[[ Dataset excerpts, beginning ]]

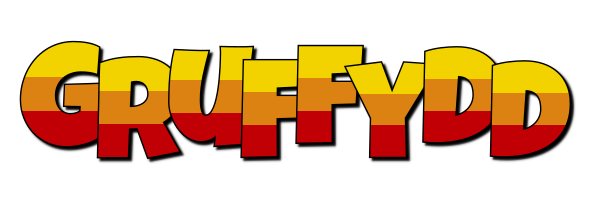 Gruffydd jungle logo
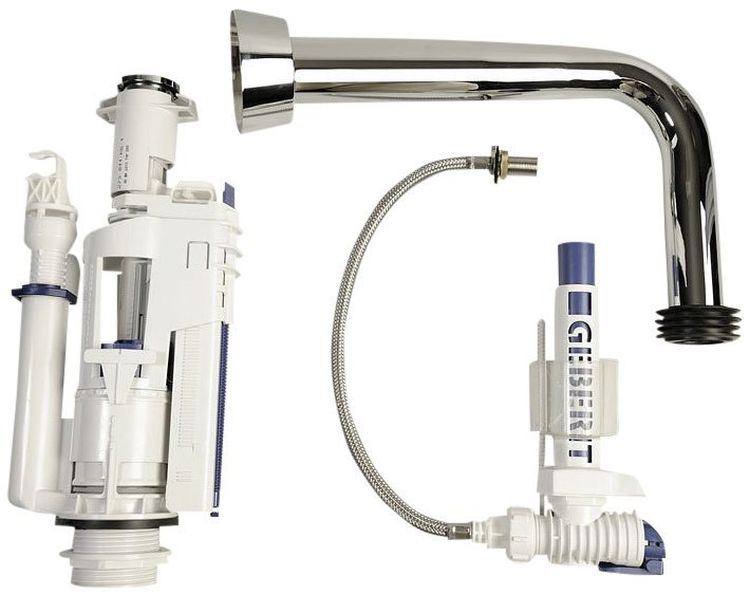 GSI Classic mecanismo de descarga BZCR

[[ Dataset excerpts, end ]]
[[ Dataset excerpts, beginning ]]

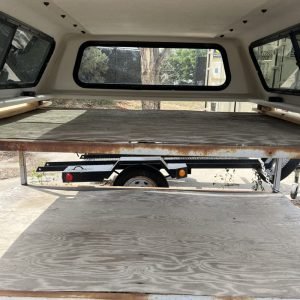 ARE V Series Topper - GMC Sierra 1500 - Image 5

[[ Dataset excerpts, end ]]
[[ Dataset excerpts, beginning ]]

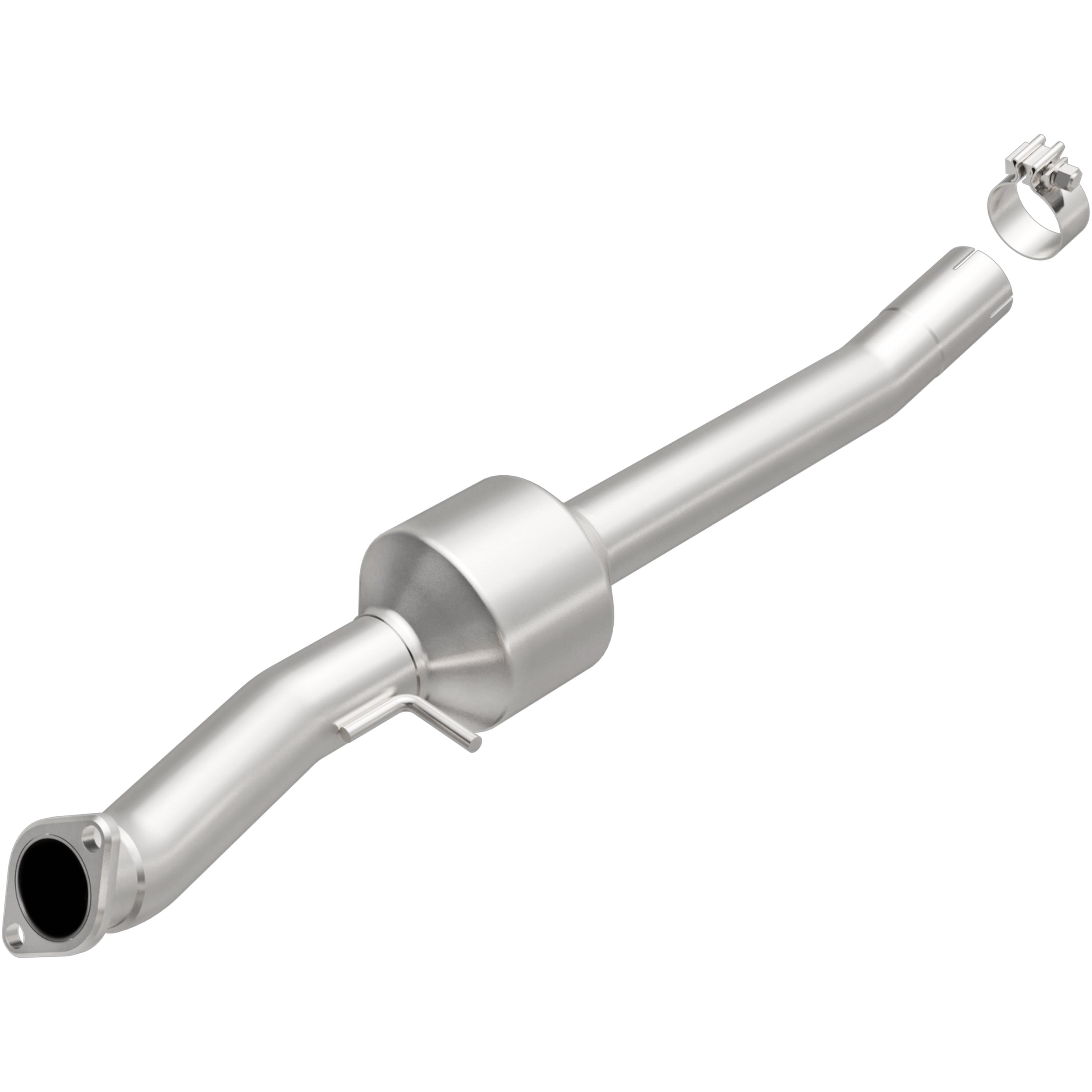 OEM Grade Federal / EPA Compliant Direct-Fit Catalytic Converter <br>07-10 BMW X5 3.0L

[[ Dataset excerpts, end ]]

**Problem to work on**: In the listing above, find the line containing "Gruffydd jungle logo" and the line containing "GSI Classic mecanismo de descarga BZCR"; print those lines and every line between them exactly, leaving out pictures.

**Output**:
 Gruffydd jungle logo
 GSI Classic mecanismo de descarga BZCR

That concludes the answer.